Dokuzuncu tekliniz olarak “Yirmi Sekiz”i yayınladınız. Teklinin oluşum süreci nasıl gelişti? Alfa Müzik Yapım ile yollarınız nasıl kesişti? Yirmi Sekiz ile ilgili nasıl geri dönüşler aldınız?
-Şu ana kadar geçen süreçte bestelerimi beatler üzerine yapıyordum. Aynı zamanda gitar öğrendiğim süreç. Yirmi Sekiz, gitarla bestelediğim ve tam anlamıyla kendimi özgür hissettiğim ilk şarkım. Alfa Müzik yapımcıları ile “Martı Sokak” şarkısında tanışmıştık. İlerleyen muhabbetimiz üzerine yeni tekliyi Alfa Müzik etiketiyle yayınladık. Yirmi Sekiz beni tanıyanları ağlatan bir şarkı oldu sanırım.

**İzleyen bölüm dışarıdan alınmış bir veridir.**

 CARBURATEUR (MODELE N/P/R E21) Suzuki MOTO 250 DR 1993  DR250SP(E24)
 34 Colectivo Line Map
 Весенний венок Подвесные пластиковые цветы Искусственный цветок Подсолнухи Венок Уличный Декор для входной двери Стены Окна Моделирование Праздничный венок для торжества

En son yine Alfa Müzik Yapım etiketiyle “Gözünü Kapattığında”yı yayınladınız. Teklinin oluşum süreci nasıl gelişti ve tekliniz hakkında nasıl geri dönüşler aldınız?
-Sözü, müziği ve düzenlemesi bana ait olan ve dinlenme kaygısıyla değil, yazmaya ihtiyacım olduğu için ürettiğim bir şarkı “Gözünü Kapattığında”… Kendime ait küçük bir kitlem olduğu için de geri dönüşler yüksek oranda iyi oluyor.
Genellikle düzenlemelerinizi ve prodüksiyonunuzu kendiniz üstleniyorsunuz. Bu durum size yapmak istedikleriniz anlamında özgür bir alan sağlıyor mu?
-Kafamdakileri tam anlamıyla oturtmak açısından her şeyimi kendim yapmam bana daha rahat bir çalışma alanı sunuyor. Tabii ki müzik bilgisine ve zevkine güvendiğim birkaç kişiden oluşum sürecinde fikirler alıyorum fakat en önemlisi iş bittiğinde benim içime sinmesi ve bunu tam anlamıyla yakalamaya başladım.
Kendi müziğinizi nasıl tanımlarsınız?
-Kişiler, zamanlar, mekanlar değişse de herkesin bir hikayesi var ve bu hikayelerde çok fazla ortak noktalar var. Ben de kendi hikayemi bazen laf cambazlıklarıyla, bazen en sade haliyle aktarmaya çalışıyorum. Müziğimi, alternatif ve rap karışımı prodüksiyonlar üzerine kurulu, en çok da liriğe önem verilen bir tarz olarak tanımlayabilirim.
Gözünü Kapattığında’dan sonra yapmayı düşündüğünüz çalışmalar var mı?
-Tabii ki. Hala prodüksiyonlarını hazırlamadığım onlarca bestem var kenarda. Malum her şeyi kendiniz yapınca işler biraz daha yavaş ilerleyebiliyor. Fakat serüvenin başındayız diyebilirim.
Güneş Kerpiççi’ye bu güzel röportaj için teşekkür ediyorum. “Gözünü Kapattığında”yı tüm dijital platformlarda bulabilirsiniz.